‘Will air strikes alter US-Turkey relations?’

‘Will air strikes alter US-Turkey relations?’

Megan Gisclon*
The April 7 air strikes on a regime-controlled air base outside Homs, Syria, perpetuated by the United States, have managed to achieve what was seemingly unattainable—a show of international and domestic unity behind the Donald Trump administration. Voices from around the globe, as well as from both Trump’s critics and back-scratchers at home, have endorsed the U.S. president’s surprising show of force in response to the chemical attack carried out by the Syrian regime in Khan Sheikhun earlier last week. 

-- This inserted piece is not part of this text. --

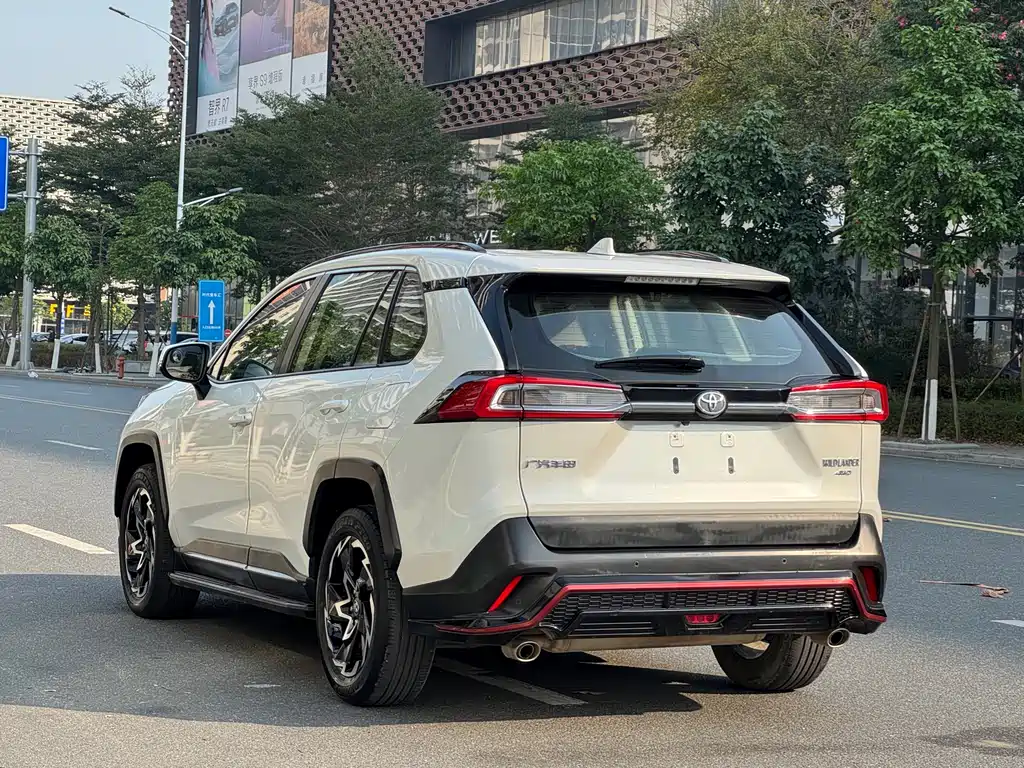 Wildlander 2.0 L CVT 4 WD Tech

However, in the U.S.’s first direct blow in response to the Bashar al-Assad regime, the air strikes have also perplexed the international community, which has yet to see the Trump administration develop a clear stance on Syria. There are several questions lingering on everyone’s mind. What does this mean for the world and Syria? Does this signal a new U.S. policy in the Middle East? 

In Turkey, officials and the public have asked whether the air strikes will change not only the nature of the conflict but also the U.S.-Turkish relationship. Will this lead to further U.S. action in Syria that Turkey can also come to terms with? There are three major factors to examine in answer.

President Recep Tayyip Erdoğan has previously declared that Turkey will “do its part” if the U.S. is ready to move forward with military action in Syria. In the aftermath of the strikes, Turkish officials, and similarly U.S. Senator John McCain, have echoed the need for a no-fly zone, working with the Free Syrian Army, and establishing safe zones in northern Syria. As Trump reportedly ordered the strikes in response to seeing the gassing of children broadcast on television, Turkey can only hope that Trump will stumble upon similar images that will spur him into continued action. Seeing that the administration has declared the strikes as a “limited,” “direct” response, Turkey will likely wait in vain. 

Friday’s air strikes provided a much-anticipated point of common ground between the U.S. and Turkey: that is, they were removed from the People’s Protection Units (YPG), which Turkey considers as a terrorist organization and the U.S. as an ally. If the U.S. continues to target al-Assad’s critical bases, this could open a pathway for U.S.-Turkish cooperation—albeit a limited one. Conditions on the ground in northern Syria are unlikely to change, implying that the YPG and the U.S. will continue to work together now into the post-ISIS setting both east and west of the Euphrates.

Although opponents and proponents of the Trump administration alike have announced their support of the air strikes as an “appropriate” response and “show of strength” in the face of the evils of the al-Assad regime, there is an ongoing debate within the U.S. over whether the air strikes are legal, i.e., whether such military actions should require congressional approval, as well as Trump’s broader Syria strategy. Leading House Democrat Nancy Pelosi has called for Speaker Paul Ryan to immediately call Congress back into session in order to debate the Authorization of the Use of Military Force, which provided the executive considerable military power following 9/11. This debate may change the power that the American presidency has to conduct operations in Syria. This can slow down attacks and Trump’s strategic decisions—a check on the president’s power that may aggravate Ankara’s desire for quick action.

Friday’s air strikes have clearly brought to light the need for the Trump administration to develop a broader Syria strategy. However, analyzing the situation on the ground as well as the influence of the U.S. Congress, the ultimate conclusion remains that the air strikes will provide little to no impetus for the U.S. to steer from its predetermined course in Syria, namely to destroy ISIS and contain Iran. For one air strike does not make a war.

*Megan Gisclon is the managing editor of the Istanbul Policy Center.